(Captioned web image data)
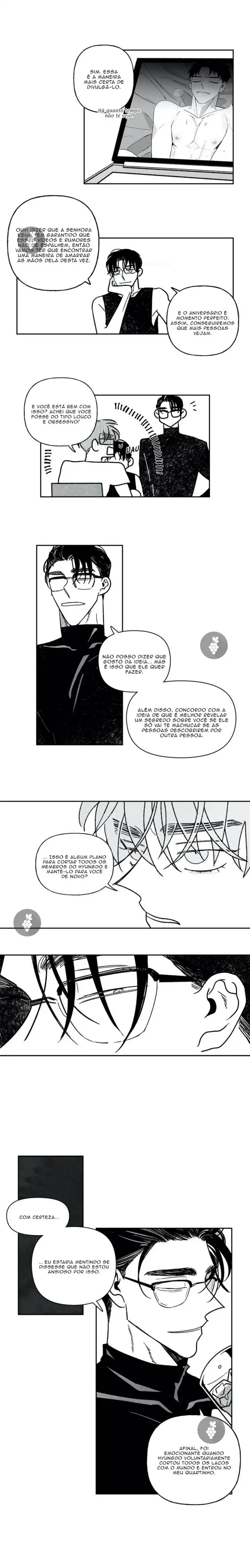 Down and Dirty – Capítulo 50 Yaoi – Página 5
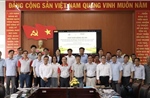 150 hộ dân vùng đệm được hỗ trợ phát triển 'Sinh kế mùa nước nổi'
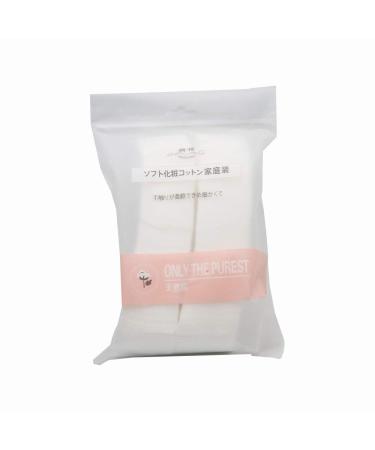 Facial Cotton Pads Makeup Remover Pads Lint Free Cotton Wool Pad Organic Makeup Remover Cotton Facial Eyes 1000pcs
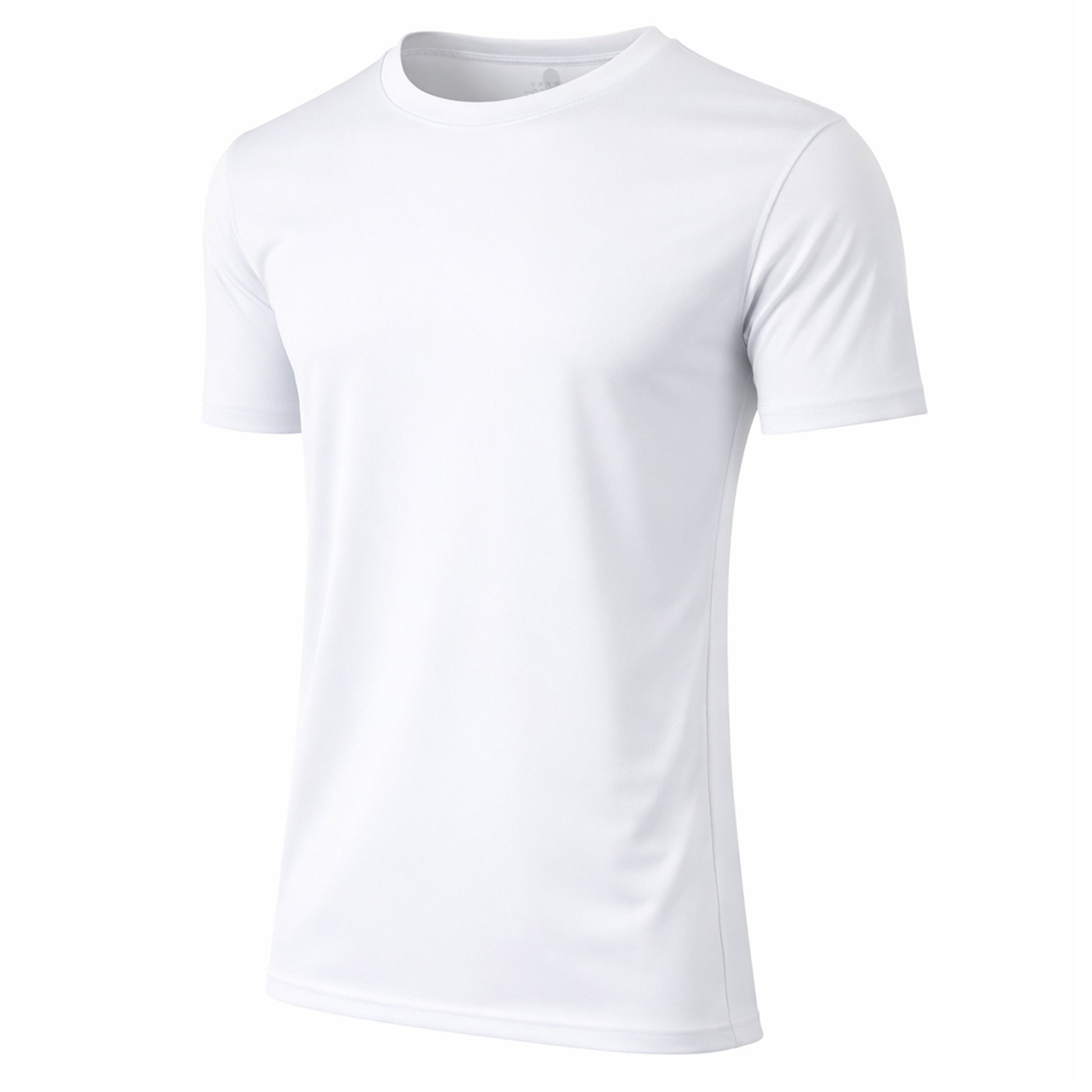 Men's Performance Moisture Wicking Active Short Sleeve & Muscle Tee - GalaxybyHarvic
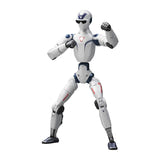 UNITREE R1 Basic - Robot humanoïde 121 cm Rational Guardian, 24 degrés de liberté : dos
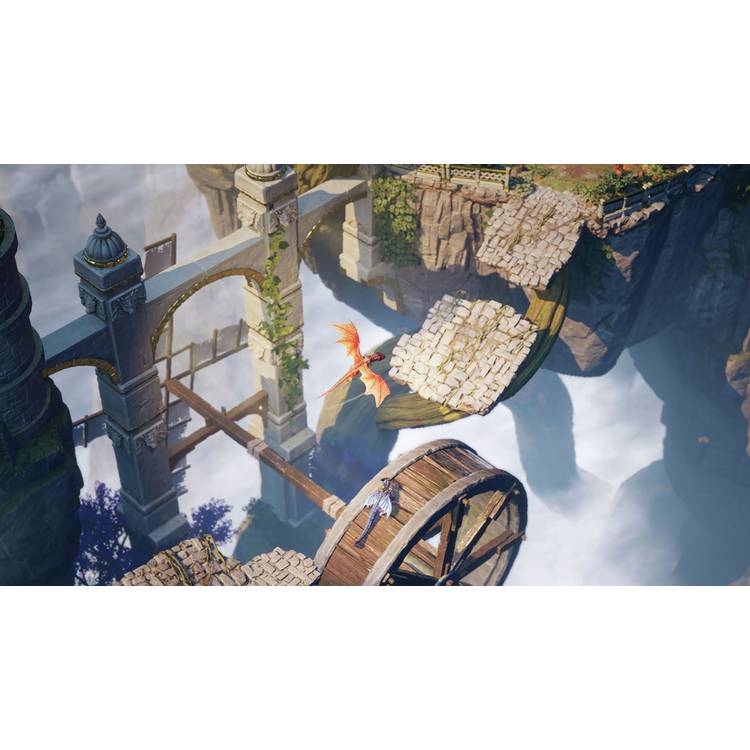 Split Fiction PS5 video game physical disc, imported from the UK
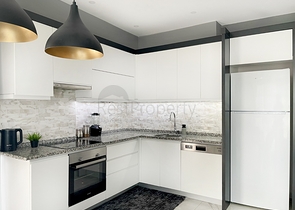 Квартира планировкой 2+1 в центре Алании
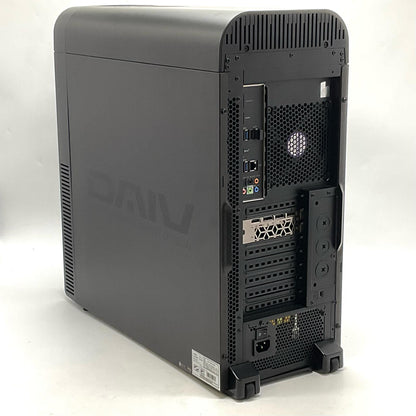 【全額返金保証】【最速発送】MouseComputer DAIV FXI7G6TB7ADC Intel(R) Core(TM) i7-14700F 32GB M.2 SSD 1TB HDD 1TB NVIDIA GeForce RTX 4060 Ti 美品 動作確認済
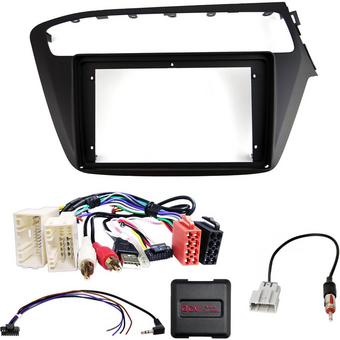 PRO INSTALL 9’’ Hyundai I-20 18-21 Head Unit Installation Kit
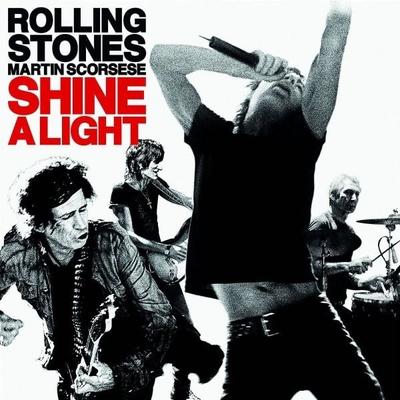 Shine A Light - The Rolling Stones, CD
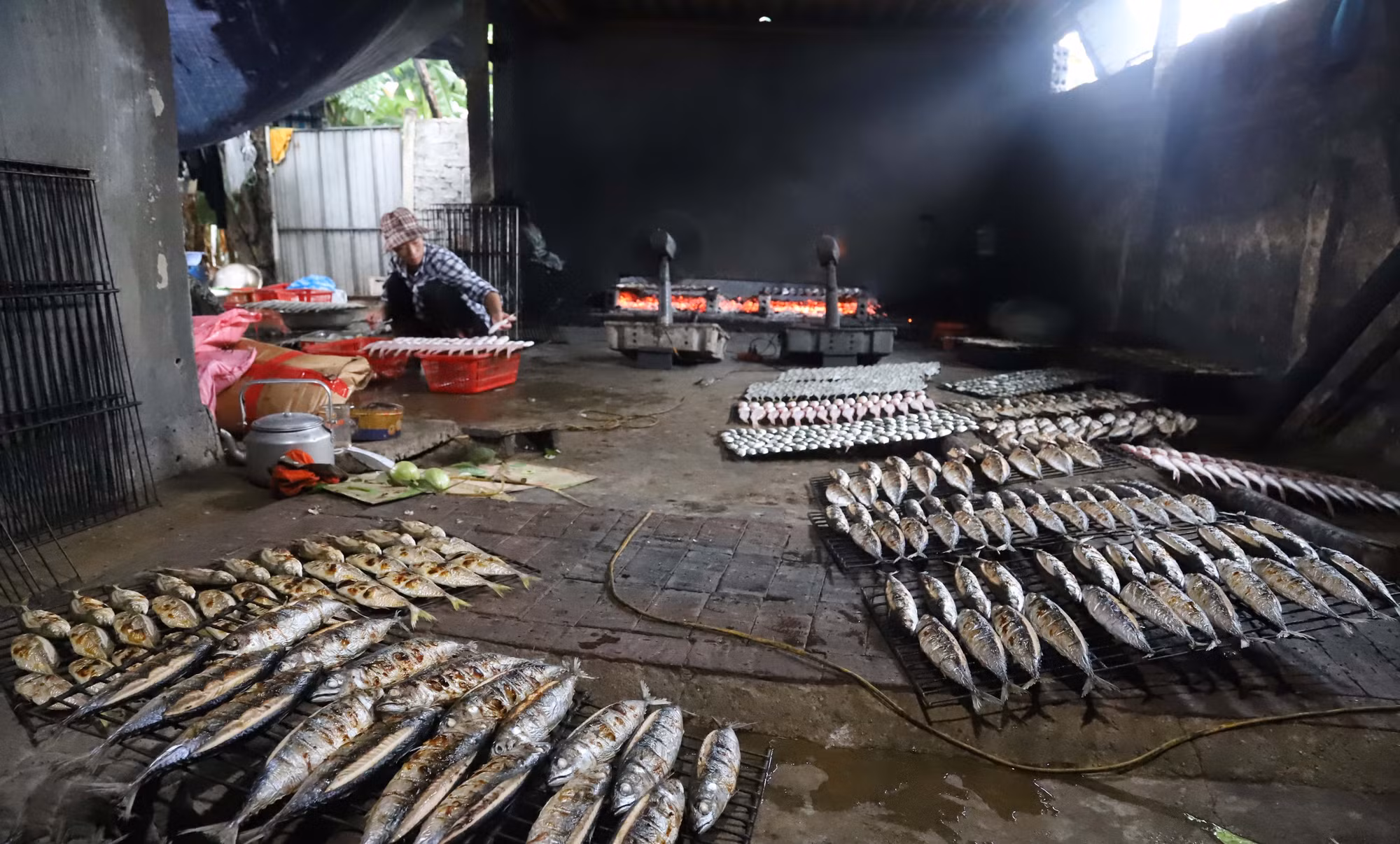 Giữ lửa nghề truyền thống nơi “miền chân sóng” ảnh 1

Task – Drop the images and copy all the data exactly.

Answer space –
 Down and Dirty – Capítulo 50 Yaoi – Página 5
 150 hộ dân vùng đệm được hỗ trợ phát triển 'Sinh kế mùa nước nổi'
 Facial Cotton Pads Makeup Remover Pads Lint Free Cotton Wool Pad Organic Makeup Remover Cotton Facial Eyes 1000pcs
 Men's Performance Moisture Wicking Active Short Sleeve & Muscle Tee - GalaxybyHarvic
 UNITREE R1 Basic - Robot humanoïde 121 cm Rational Guardian, 24 degrés de liberté : dos
 Split Fiction PS5 video game physical disc, imported from the UK
 Квартира планировкой 2+1 в центре Алании
 【全額返金保証】【最速発送】MouseComputer DAIV FXI7G6TB7ADC Intel(R) Core(TM) i7-14700F 32GB M.2 SSD 1TB HDD 1TB NVIDIA GeForce RTX 4060 Ti 美品 動作確認済
 PRO INSTALL 9’’ Hyundai I-20 18-21 Head Unit Installation Kit
 Shine A Light - The Rolling Stones, CD
 Giữ lửa nghề truyền thống nơi “miền chân sóng” ảnh 1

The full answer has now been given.